# TASK ITEM:
Exact transcription of the data below is required, without the images.

# EXERCISE DATA:
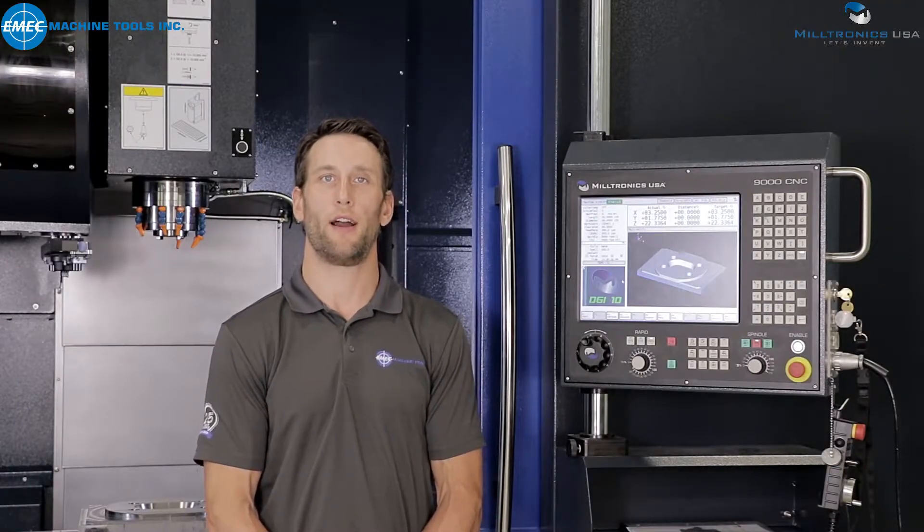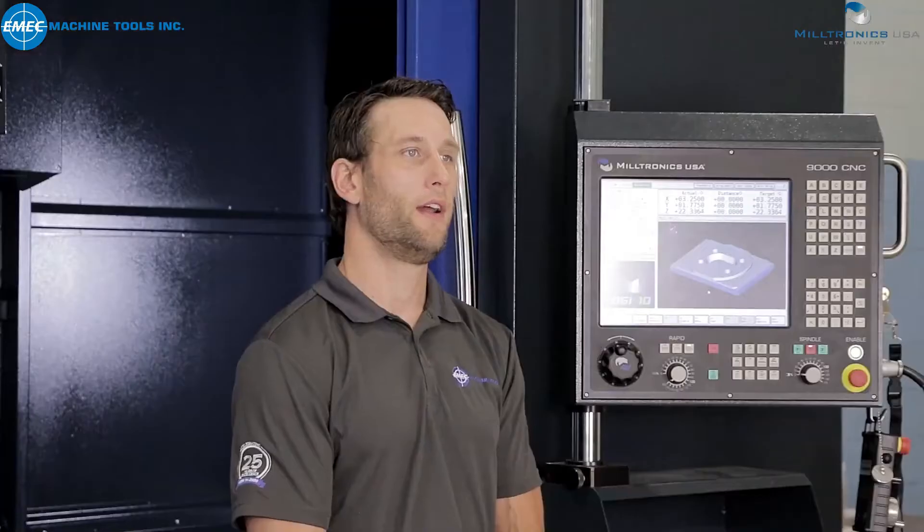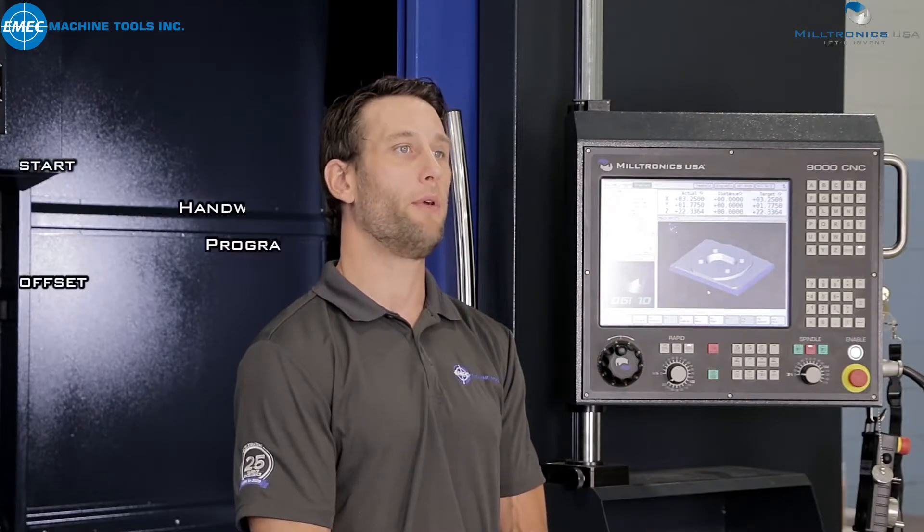Welcome to the EMAC Technology Center. I'm Mike, one of the application engineers here, and today we will dive into the Miltronics 9000 series control. The 9000 series control is the latest CNC control from Miltronics, and it has improved immensely over the last generation. We will show you a few of its capabilities in this video series.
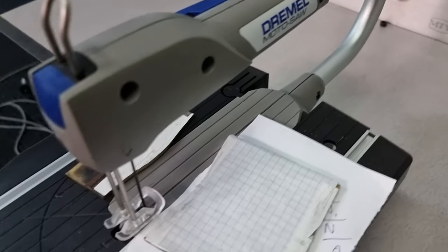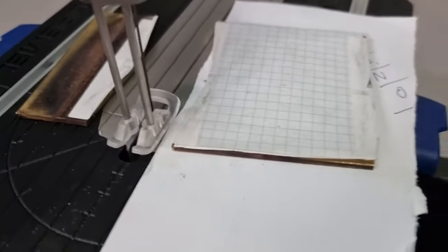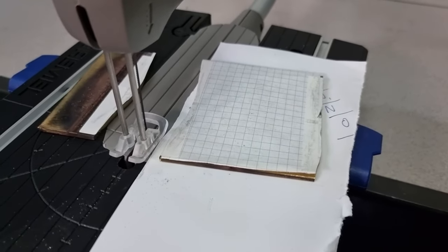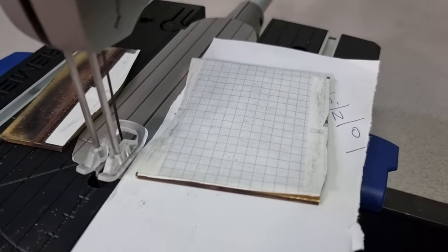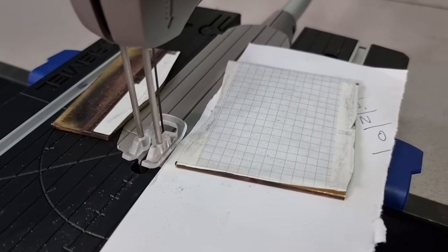Here is the motor saw set up and I have a vacuum cleaner attached to the dust port at the bottom and I managed to cut it. It took four blades, so there are a whole bunch of broken blades here, but it's done and I'm going to clean up the sample and that should be ready for the testing.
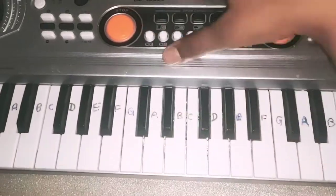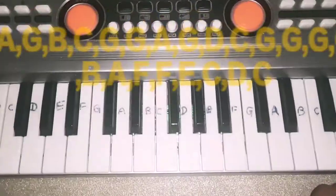I will put the letters up there. Let's get started.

# SOLUTION:
Welcome to the EMAC Technology Center. I'm Mike, one of the application engineers here, and today we will dive into the Miltronics 9000 series control. The 9000 series control is the latest CNC control from Miltronics, and it has improved immensely over the last generation. We will show you a few of its capabilities in this video series.
Here is the motor saw set up and I have a vacuum cleaner attached to the dust port at the bottom and I managed to cut it. It took four blades, so there are a whole bunch of broken blades here, but it's done and I'm going to clean up the sample and that should be ready for the testing.
I will put the letters up there. Let's get started.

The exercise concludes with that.